It’s not as if the collaboration between Red Arrow International and SundanceTV marks our first foray into television from Down Under. Farscape and The Almighty Johnsons aside, Cleverman, premiering June 1st on Sundance, turns any preconceived notions we might have about the show’s premise upside down and then assaults our sensibilities with a disturbing narrative of prejudice, the supernatural, and fractured families.
From the start we’re reminded that the “Aboriginal people are the longest surviving culture on Earth with 60,000 years of stories known as The Dreaming.” The Cleverman oversees this realm “inhabited by incredible creatures and spirits” and moves about the past, present, and future.

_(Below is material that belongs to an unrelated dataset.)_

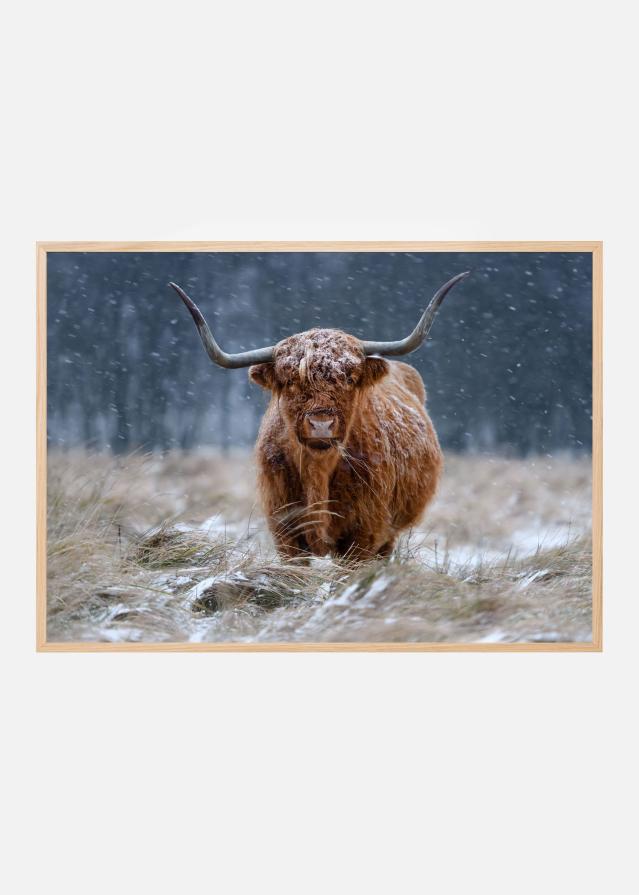 Snowy Highland cow Póster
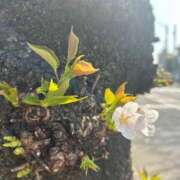 ヒメ日記 2025/03/26 10:15 投稿 ねね 素人妻達☆マイふぇらレディー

Let me be clear; this is not a light-hearted supernatural tale, and while your first inclination may be to turn away at some of the disturbing images, the characters and mysteries that weave in and out of the first two episodes negate any desire you may have to stop watching. Set in the near future, the six-episode series follows mythological beings known as Hairy People (Hairies) who have surfaced after 60,000 years and possess superhuman strength to go along with their unusual appearance. Shunned as outcasts, they make easy targets when the government struggles to find the killer in a number of mysterious murders. But therein lies one of the initial plot points – does the government even want to find the true killer, or is Geoff Matthews (Andrew MacFarlane), Minister for Immigration and Border Protection, content to allow blame to fall on the Hairies? And if they’ve been around for 60,000 years, why do they suddenly become visible six months prior?
Initially, the series follows three families as the hysteria generated by the government and the media reaches a boiling point. Boondee, (Tony Briggs) husband and father to three, is willing to shave to assimilate despite his cultural connections. Araluen (Tasma Walton) plays Boondee’s wife, and after the men, women, and children are separated by the Containment Authority, she volunteers to go with a wealthy woman saying “it doesn’t matter” what it is she’s agreeing to do. Djukara (Tysan Towney) appears as the hot-headed oldest son, imprisoned with his father, and daughter Latani (Rarriwuy Hick), like her father, is willing to attempt to blend in, but a tragic event during their apprehension has colored her view of the world. Left on her own, Latani has her faith in mankind temporarily restored.
Though it’s probably a stretch to compare Koen West (Hunter Page-Lochard) and his older brother Waruu West (Rob Collins) to Cain and Abel, it’s clear at the start the two brothers possess radically opposing feelings about the Hairies. One runs a scam to make money by turning them over to the Containment Authority, while the other is the self appointed leader of an underground community in which both humans and Subbies (sub-human) more or less peacefully co-exist.
However, when the brothers’ Uncle Jimmy (Jack Charles) mysteriously dies, his position as Cleverman passes to one of the brothers. Clouding the issue, is Uncle Jimmy’s personal relationship with Jarrod Slade (Iain Glen – Game of Thrones) owner and CEO of Slade Enterprises, a conglomerate that includes a major television network. Nothing is earned easy in Cleverman, and we immediately wonder whether or not Uncle Jimmy chose the wrong brother and why he apparently trusted Slade.
It may be easy to dismiss Cleverman as another liberal attempt to bash the power elite who want nothing more than to remain in power at the expense of the underclass, and while there is some truth to that, show creator Ryan Griffen gives us so much more. When 71-year-old Virgil tells Latani “I know what you are, and I don’t care,” the degradation and brutality heaped on the imprisoned Hairies becomes a bit easier to bear because we suspect there is light at the end of the tunnel.
Fans of District 9 and James Cameron’s Dark Angel will recognize familiar themes, but this is by no means a rehash of tired television tropes. Our scope of reference is divided into The City and The Zone, the later houses the poor and the Hairies and requires ID to pass through the heavily guarded checkpoints. But Waruu watches over an uneasy peace between the Hairies and the destitute proving that coexistence is possible. The nobility of Waruu’s mission to get the truth to the public about the government’s mistreatment of the Hairie’s gives us pause, and it’s the continued gray area motivations of the characters that draw in the viewer.
When Virgil tells Latani, “You have to decide who it is you want to be,” we must ask ourselves the same question. And Cleverman must decide what it wants to be. Is it social commentary? Does it explore the supernatural and planes we don’t see? Does it force us to examine the dark side of human nature? Yes, it does. But as the genre television landscape continues to grow in scope and diversity, SundanceTV’s entrance into the market presents fans a show well worth the time and emotional investment. It won’t be easy, but viewers will be rewarded.